Netflix's embedded app, as runs on TiVo Roamio and Premiere and presumably Bolt, is written in web authoring languages, principally Javascript. It evolved from a version written in HTML5, Javascript, CSS3, etc which ran in the Webkit platform. Netflix's player is a highly atypical web page which never uses a large amount of the functionality included in Webkit (and makes unusually heavy use of some of it), so they developed a pared down, purpose-optimized layout/rendering engine of their own design. You can see some posts about their use of HTML5 here in Netflix's technology blog (skip the first label match) and posts about their contemporary design framework here and here.

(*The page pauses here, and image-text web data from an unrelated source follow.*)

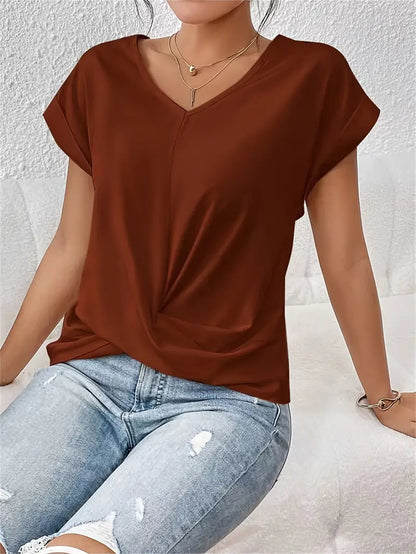 Voguane | The Perfect V-Neck Top For Women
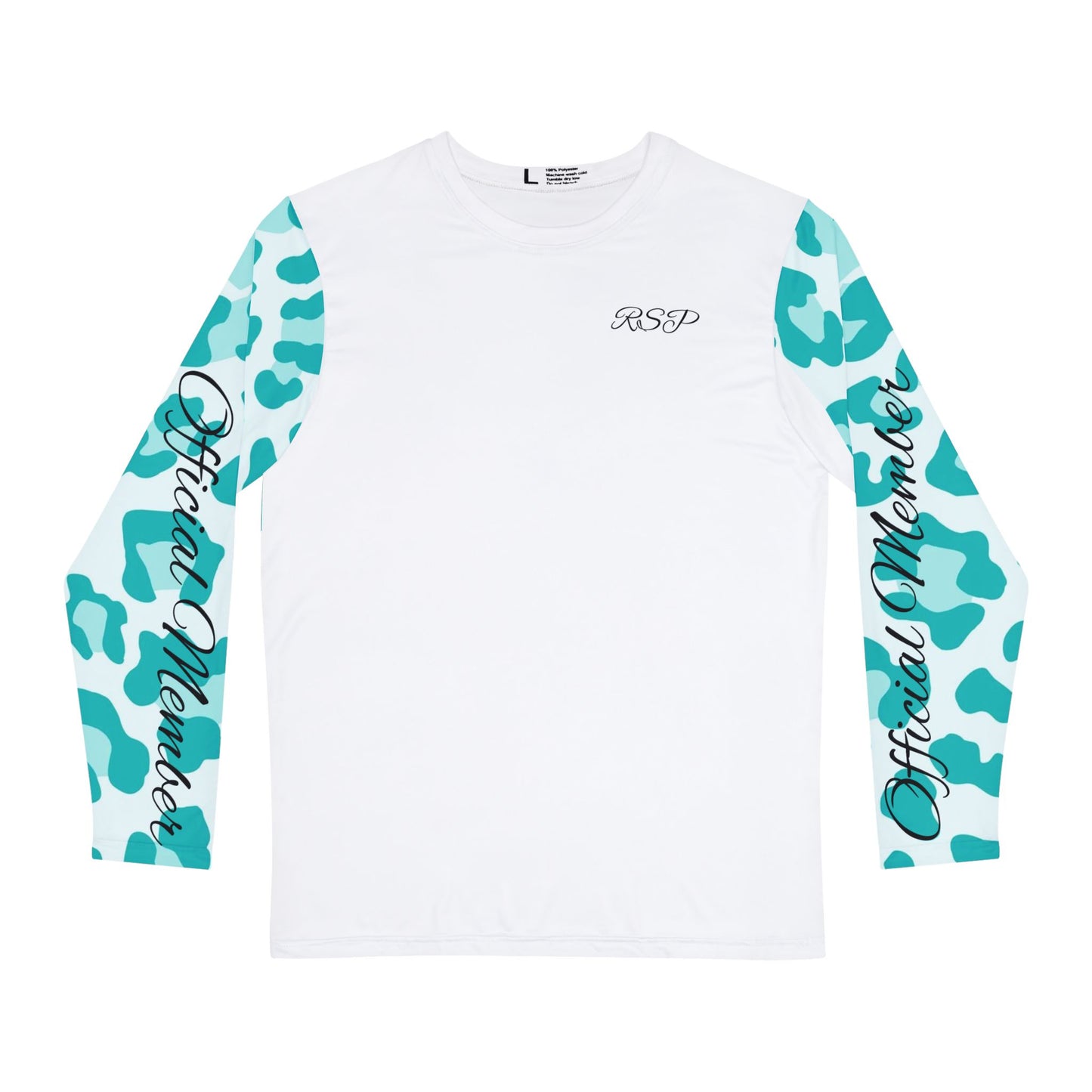 Women's Long Sleeve Leopard Print RSP Shirt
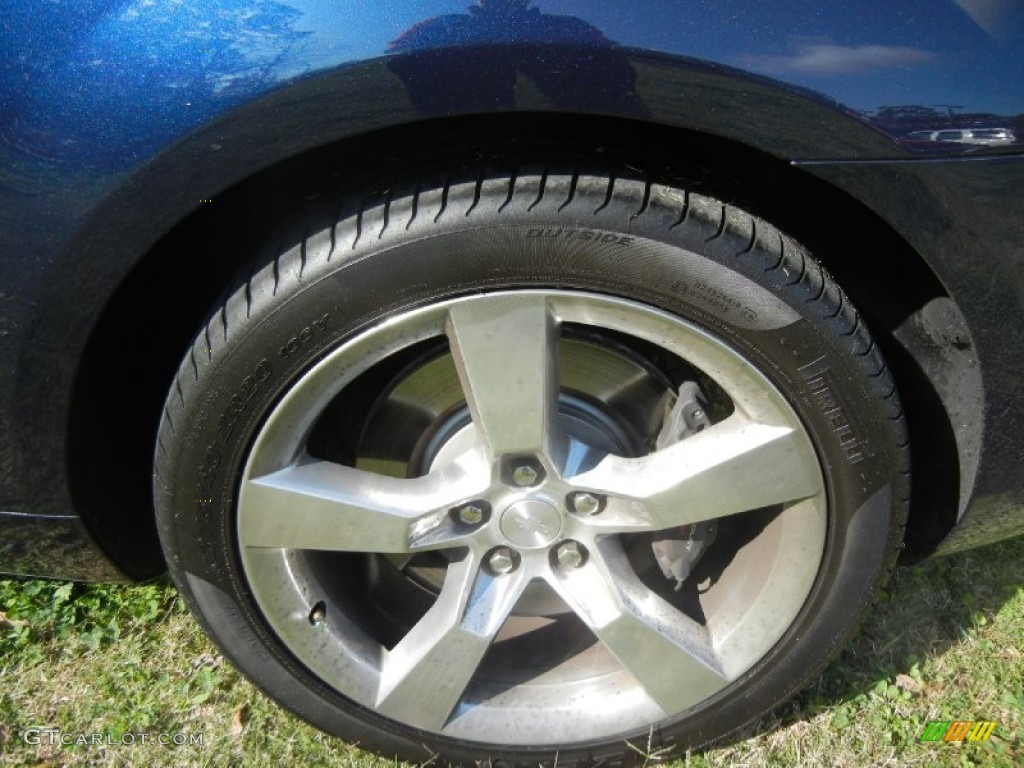 2010 Chevrolet Camaro SS/RS Coupe Wheel Photo #57565890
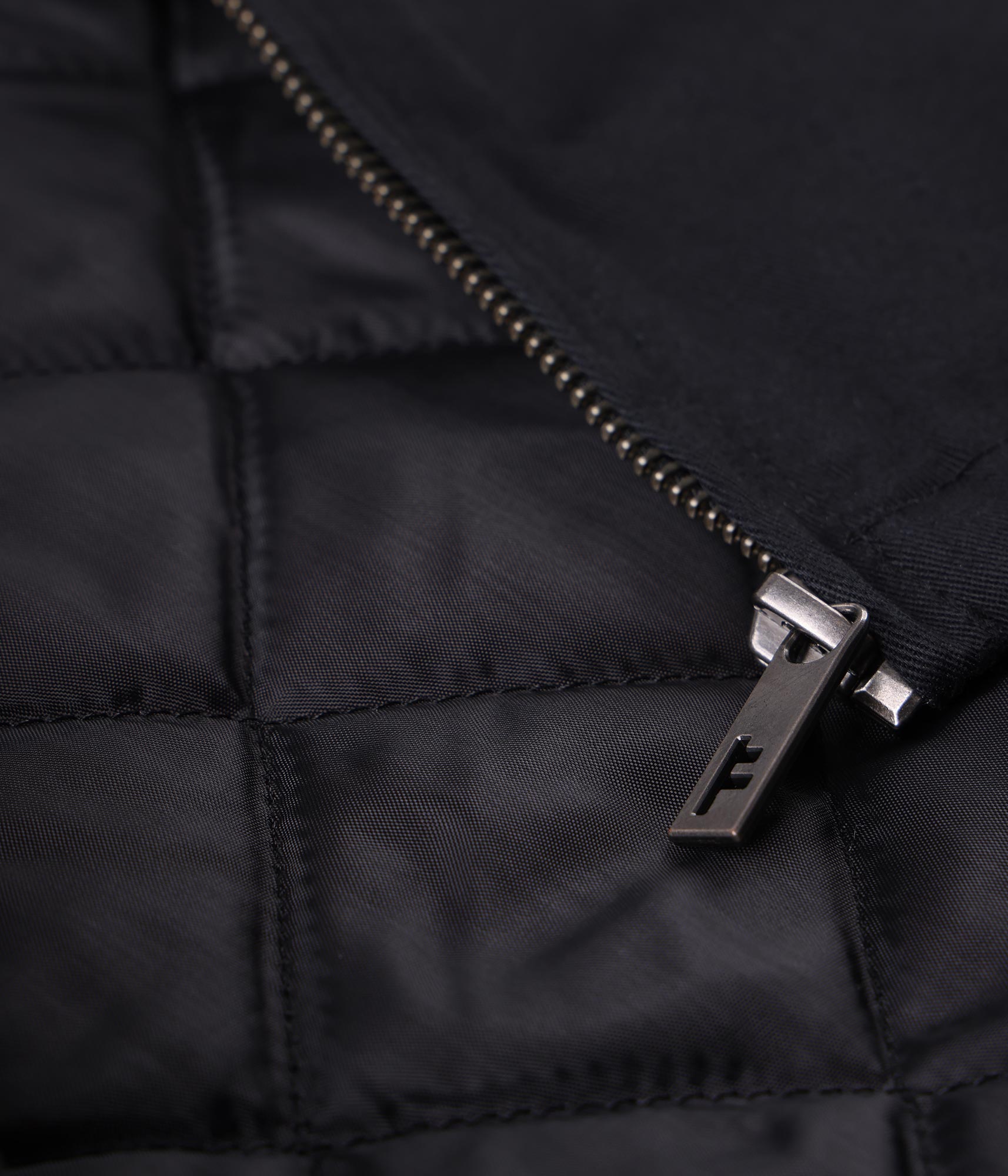 FORMER DXD Reynolds Jacket in BLACK - Destroyed By Dane Collection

Their approach, which downloads a huge amount of the functional UI code and art assets at player start-up, allows them to make massive changes to appearance and functionality without requiring an update to the resident firmware portion, for which they're entirely at the mercy of the OEMs in whose devices their players are embedded. It is fairly memory and CPU intensive, so it runs poorly on some older platforms. (Roku is sticking with their old native app on most of their "legacy" products, since they tried and failed to get it to perform acceptably well on them. It runs on Roku 3, Roku HDMI Stick, the 2015 Roku 2, Roku TV, Roku 4 and will run on all future models. The problem with that is that those older Rokus--some not so old--won't be getting support for Netflix profiles or Netflix Kids, etc). Some platforms have optimized start-up of the app, not reloading the code or UI state at all after the first start-up post power-up (first start-up of the day on Roku). Of things that I have these include this smart TV, Roku 3 and the new Fire TV; it takes a second or two to re-start on the smart TV and Roku, but starts frickin' _instantly_ on Fire TV.

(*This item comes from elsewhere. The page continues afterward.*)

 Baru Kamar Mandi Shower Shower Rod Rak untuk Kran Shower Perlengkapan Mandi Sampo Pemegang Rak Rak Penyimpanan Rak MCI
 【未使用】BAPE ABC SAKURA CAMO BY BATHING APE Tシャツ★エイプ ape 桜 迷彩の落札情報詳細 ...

Given the similar identical-UI-on-all-or-most-platforms approach that Amazon and VUDU have taken, I thought that they had adopted a similar development tactic (I know that YouTube has). Amazon and VUDU are up and running at launch on Bolt, right? Hulu is the same on multiple platforms for me now (Roku, Fire TV and FTV Stick).

Their website player is HTML5 in Chrome, IE11 and Edge (for some reason Chrome is constrained to 720p whereas the Microsoft browsers both support 1080p). There used to be an account setting for enabling the HTML5 version (versus Silverlight); that no longer seems to be there, so I guess if your browser supports it you get HTML5. EDIT: I just checked and the same version of the HTML5 player runs in Windows Opera as runs in Chrome, similarly constrained to 720p ).


----------